▶ _Problem details_
The answer should hold only the lines from the one that contains "Image of DOCTOR" through the last line of the material, repeated exactly, without pictures.

•••••

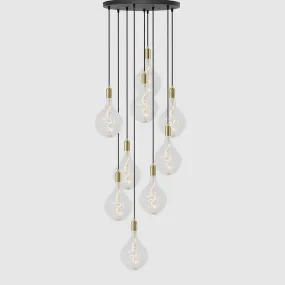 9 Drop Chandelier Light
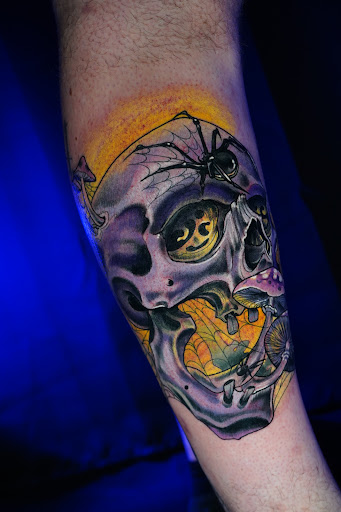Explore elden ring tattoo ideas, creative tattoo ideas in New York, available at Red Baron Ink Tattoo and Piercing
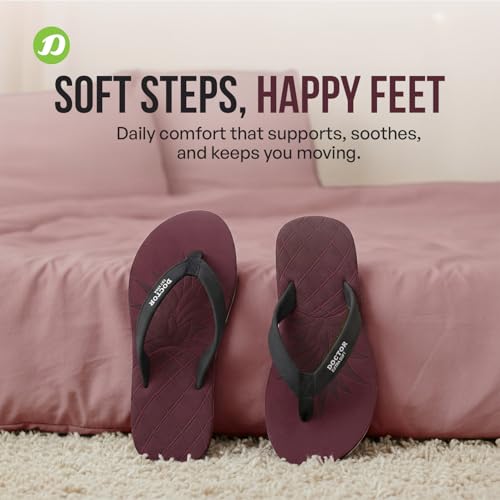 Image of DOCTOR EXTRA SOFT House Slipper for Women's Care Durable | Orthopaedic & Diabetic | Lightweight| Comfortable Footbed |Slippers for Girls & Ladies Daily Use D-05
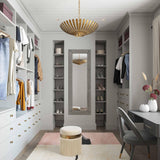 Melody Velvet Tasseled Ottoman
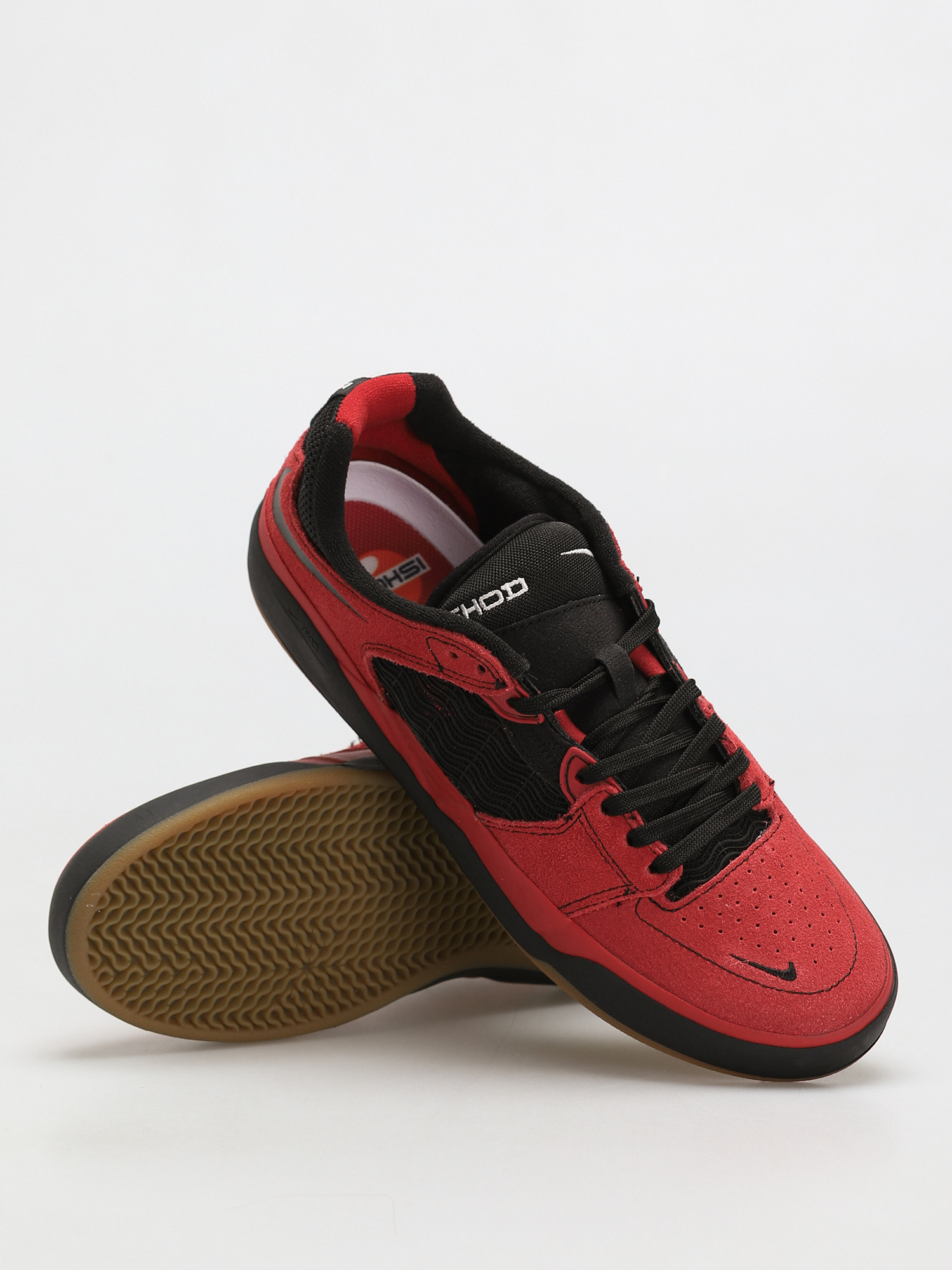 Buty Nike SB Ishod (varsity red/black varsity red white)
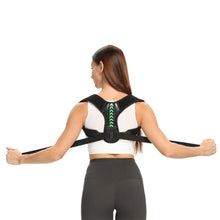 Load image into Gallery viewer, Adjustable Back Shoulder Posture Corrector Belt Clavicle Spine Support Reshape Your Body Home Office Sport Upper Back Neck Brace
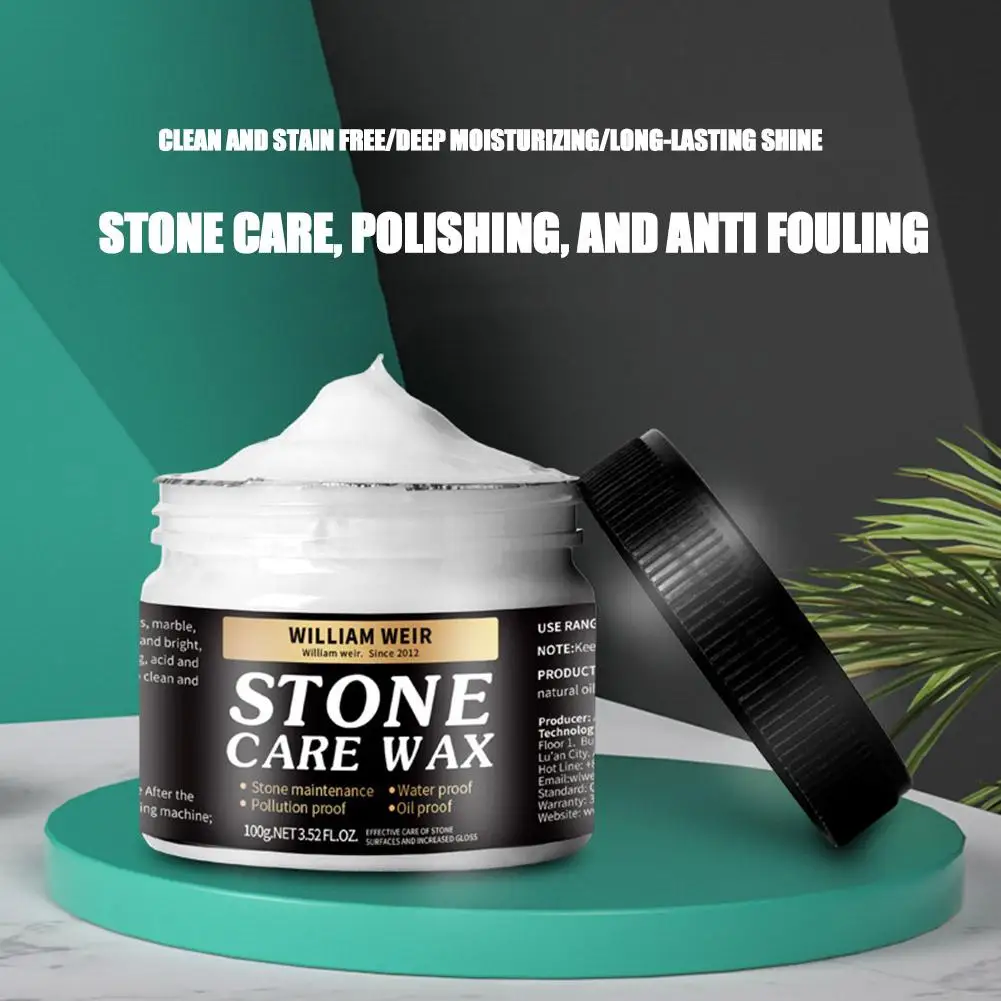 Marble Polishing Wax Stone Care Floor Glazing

•••••

▶ _Answer box_
 Image of DOCTOR EXTRA SOFT House Slipper for Women's Care Durable | Orthopaedic & Diabetic | Lightweight| Comfortable Footbed |Slippers for Girls & Ladies Daily Use D-05
 Melody Velvet Tasseled Ottoman
 Buty Nike SB Ishod (varsity red/black varsity red white)
 Load image into Gallery viewer, Adjustable Back Shoulder Posture Corrector Belt Clavicle Spine Support Reshape Your Body Home Office Sport Upper Back Neck Brace
 Marble Polishing Wax Stone Care Floor Glazing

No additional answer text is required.